AT FIRST GLANCE it would seem that President Bush's call for the lifting of sanctions against Iraq makes perfect sense. The regime's gone, and with it the crime that led to sanctions in the first place. No?

Well, maybe. The problem is that the system of sanctions put in place after the first Persian Gulf war, and modified in 1995 to allow food for oil, is the means by which the United Nations engages with Iraq. Because of the sanctions, all of Iraq's oil sales and oil revenues are supposed to be handled by the United Nations. Not too surprisingly, the other members of the Security Council are not now keen to hand over that responsibility to the United States alone.

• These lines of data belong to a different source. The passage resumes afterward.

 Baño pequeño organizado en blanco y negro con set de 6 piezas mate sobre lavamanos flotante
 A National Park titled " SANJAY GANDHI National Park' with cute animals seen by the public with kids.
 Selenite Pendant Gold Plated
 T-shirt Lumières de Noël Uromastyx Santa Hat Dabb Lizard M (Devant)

So sanctions - which in and of themselves no longer make much sense - become the tool by which the rest of the world can wield some influence over the shaping of Iraq's future. And even though it was American and British soldiers who did all the fighting, keeping the rest of the world in the loop on Iraq would, in the long run, actually be a good thing.

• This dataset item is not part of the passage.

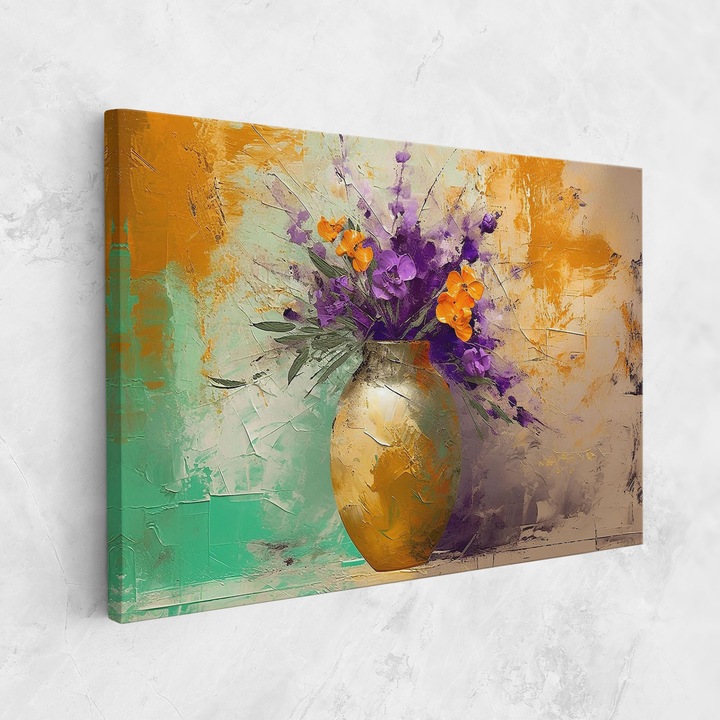 Tablou Canvas, 20x30 cm, Dormitor Si Living, Flori, Flori In Vaza, Purple Orange Plant Vase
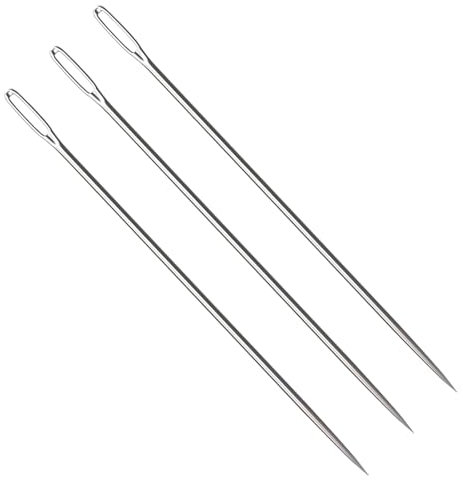 Upholstery Needle, 3 Pcs 12 Inch 3mm Large Eye Sewing Needles, Delicate Darning Needle, Suitable for Home Hand Sewing Crafts Projects Doll Making Tufting Hand Sewing Needles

It's true enough that the United Nations didn't do a very good job of running the sanctions. A lot of oil was smuggled out of Iraq - as this week's revelation of a semi-secret pipeline to Syria makes clear - and a considerable amount of the revenue was diverted by Saddam Hussein's government toward its own distasteful uses.

But the sanctions provide the only sort of legal framework that exists right now.

Very soon, the Bush administration is going to realize that the assistance of other nations will be crucial to building a decent country. It's true in Kosovo and it's true in Afghanistan. Stiffing the United Nations and unilaterally violating the sanctions regime would cause no end of headaches - and mark the United States as something of a rogue nation.

By the same token, the members of the Security Council (France, for instance, and Russia) are going to have to realize that clinging to sanctions simply as a way to thwart the United States won't be very productive, either.

At the moment, though, each side seems intent on heading for a showdown. Maybe they're simply staking out positions before the serious haggling commences. But if that's not the case, yet another diplomatic train wreck could be in the offing - one that might actually do more lasting damage to the world body, and to international relations, than the war itself.